» Il est fondamental de prendre en compte la diversité des élèves en début de cycle 2 et, dans le cadre impératif de l’objectif du cycle 2, de permettre à chaque enseignant, à chaque équipe enseignante, de définir sa route, ses caps successifs pour, comme dans la course au tour du monde, amener chacun à atteindre l’objectif final ». Après les désastreux résultats de TIMMS en maths au CM1, Serge Petit plaide pour la pluralité des apprentissages, la liberté pédagogique face aux nouvelles prescriptions ministérielles.
Deux contributions récentes au Café Pédagogique, celle de Nicolas Minet du 18 décembre et celle de Jean-Louis Durpaire du 17 décembre m’incitent à partager quelques réflexions faisant suite à la fois aux résultats de l’évaluation TIMMS et aux conclusions qu’en tirent les deux contributeurs cités ci-dessus.
Montrer un cap ?
Nicolas Minet précise que la boussole de l’Education nationale doit « montre[r] un cap viable » aux enseignants. Cette métaphore tombe malheureusement à l’eau car si le Vendée Globe indique un objectif aux solitaires, il ne leur fixe jamais un cap. Les caps choisis par les uns et les autres pour atteindre l’objectif fixé dépendent de l’analyse qu’ils font des conditions météo locales et futures en fonction notamment des zones dépressionnaires qu’ils rencontrent, zones qui évoluent constamment, de l’état de la mer et de bien d’autres facteurs, tout comme évoluent les élèves d’un même niveau de classe d’une année à l’autre, voire d’un moment de l’année à un autre. L’enseignant ne peut donc en aucun cas suivre un cap fixé au niveau ministériel, mais doit en permanence adapter son cap aux élèves dont il a la charge, à chaque instant, en tenant compte de la météo locale et très variable de la classe. Ce sont ces adaptations de cap qui peuvent éviter de placer certains élèves dans des situations inextricables et permettre à un maximum d’élèves d’atteindre l’objectif défini par les programmes, et eux seulement, en fin de chaque cycle. Malheureusement force est de constater que certains objectifs de fin de cycle 2 ne sont pas maîtrisés par des élèves de CM1.

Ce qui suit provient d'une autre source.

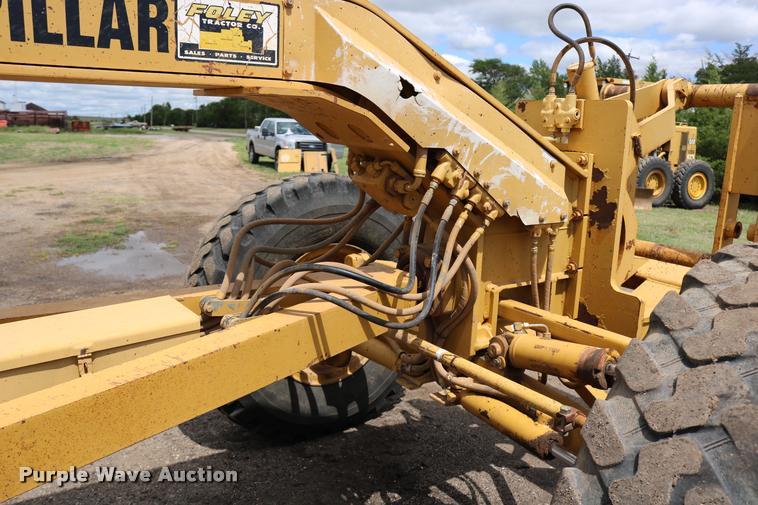 image for item DD0229 1993 Caterpillar 120G motor grader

L’exemple même d’objectif non atteint en fin de cycle 2 est extrait de l’évaluation TIMMS par Jean-Louis Durpaire : le calcul de 428 – 176, calcul échoué par trop d’élèves en fin de CM1. Il s’agit pourtant d’une compétence, d’un objectif devant être atteint en fin de cycle 2. Le calcul de cette différence repose bien davantage sur la connaissance du système de numération de position que sur la maitrise d’un algorithme dont l’apprentissage laborieux et souvent démotivant n’a permis aux élèves de comprendre ni la pertinence ni le sens. M. Durpaire l’illustre en montrant une stratégie possible fondée sur les décompositions additives, dont la puissance est souvent ignorée des élèves, il aurait aussi pu le faire de bien d’autres manières en fondant le calcul sur l’invariance par translation de la distance entre deux nombres, ou sur une stratégie reposant sur le calcul du complément de 428 à 999 qui, conjuguée à la précédente, remplace de fait la difficulté liée à l’application de certains algorithmes de la soustraction par l’effectuation d’une addition. Ce simple exemple illustre le fait qu’il est plus avantageux pour les élèves de développer leurs capacités d’analyse des situations proposées, dans notre exemple en fonction des nombres en jeu, que d’essayer de développer une et une seule stratégie (imposée ?). C’est ainsi que, de la pluralité des voies permettant de résoudre un calcul ou un problème en fonction des circonstances, découlera une certaine aisance de l’élève, un bien-être en mathématiques. De ce bien être et des réussites engendrées germera un plaisir de faire des mathématiques et, par voie de conséquence, un bonheur de l’élève à aller en classe.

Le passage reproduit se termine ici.